### Task directions
Retype, exactly and with nothing added, the lines from the one showing "Изображение особи Myosoton aquaticum." through the final line of the material. Omit pictures.
((
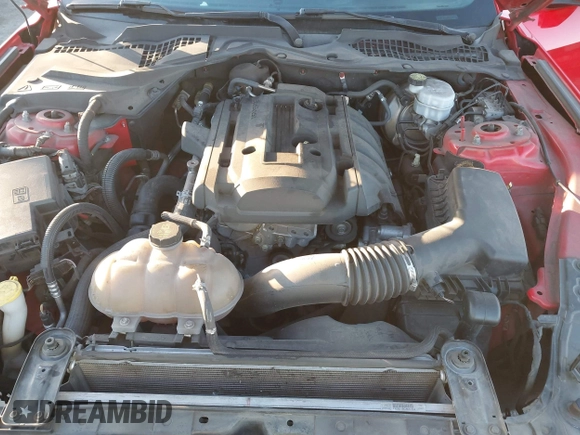 2019 Ford Mustang EcoBoost with VIN 1FA6P8TH3K5172668, listed as a IAAI auction lot 41059758 with 115,224 mi miles and . Bid and sale history available at carsss.com. Image 10.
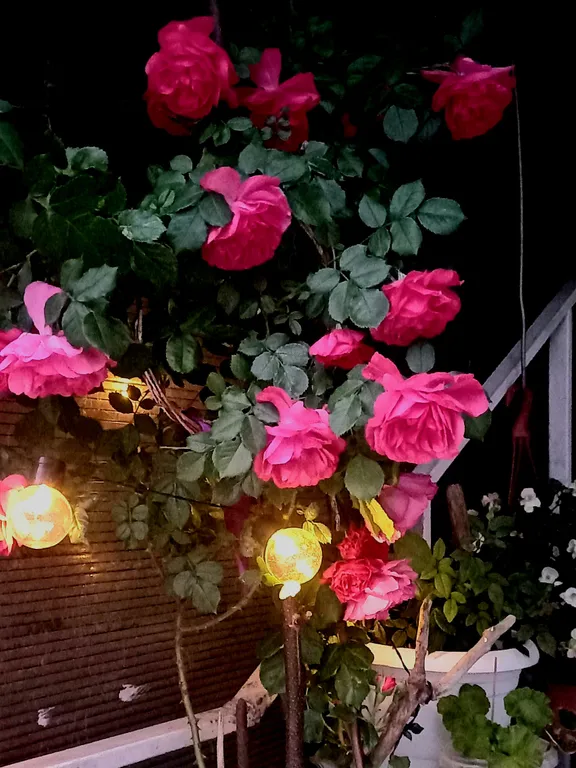 Гостевой домик у реки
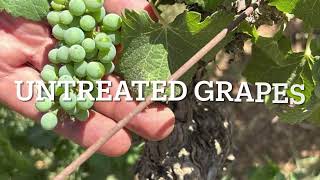 EcoBalance - Grape Vine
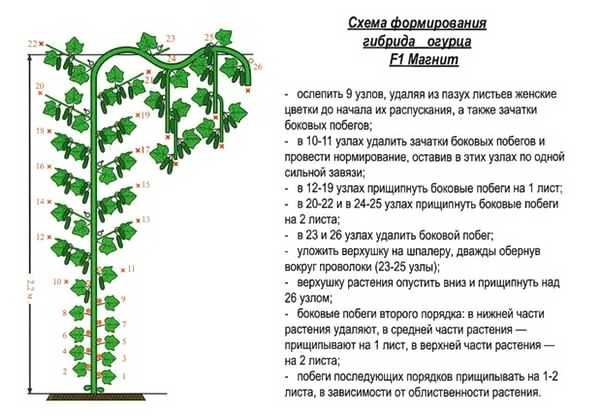 Выращивание кабачков рассадой и уход за ними в открытом грунте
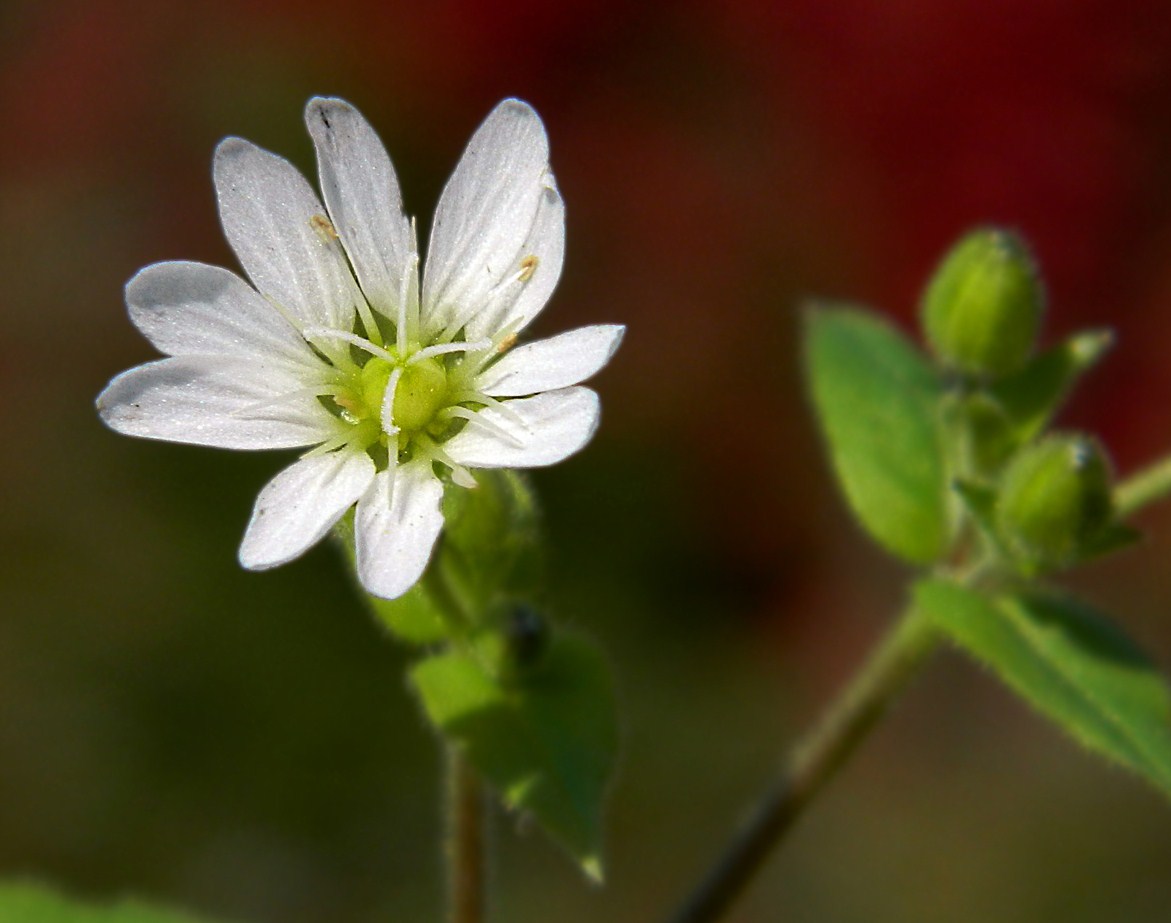 Изображение особи Myosoton aquaticum.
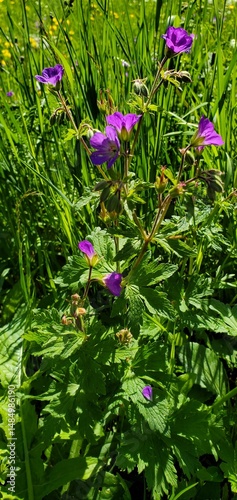 Wallpaper Mural Geranium Sylvaticum Torontodigital.ca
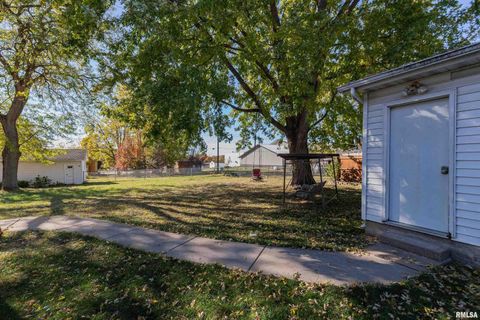 Tiny photo for 401 3RD Street, Matherville, IL 61263 (MLS # QC4269136)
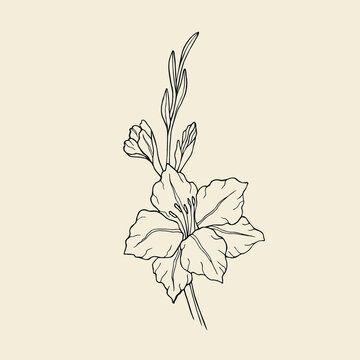 Gladiolus Drawing Tattoo, Gladiolus Flower Line Drawing, Gladiolus Line Art, Simple Gladiolus Flower Tattoo, Gladiolus Drawing Simple, Gladiolus Line Drawing, Gladiolus Flower Drawing Simple, Gladiolus Sketch, Gladiolus Tattoo Simple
))
### Answer space
 Изображение особи Myosoton aquaticum.
 Wallpaper Mural Geranium Sylvaticum Torontodigital.ca
 Tiny photo for 401 3RD Street, Matherville, IL 61263 (MLS # QC4269136)
 Gladiolus Drawing Tattoo, Gladiolus Flower Line Drawing, Gladiolus Line Art, Simple Gladiolus Flower Tattoo, Gladiolus Drawing Simple, Gladiolus Line Drawing, Gladiolus Flower Drawing Simple, Gladiolus Sketch, Gladiolus Tattoo Simple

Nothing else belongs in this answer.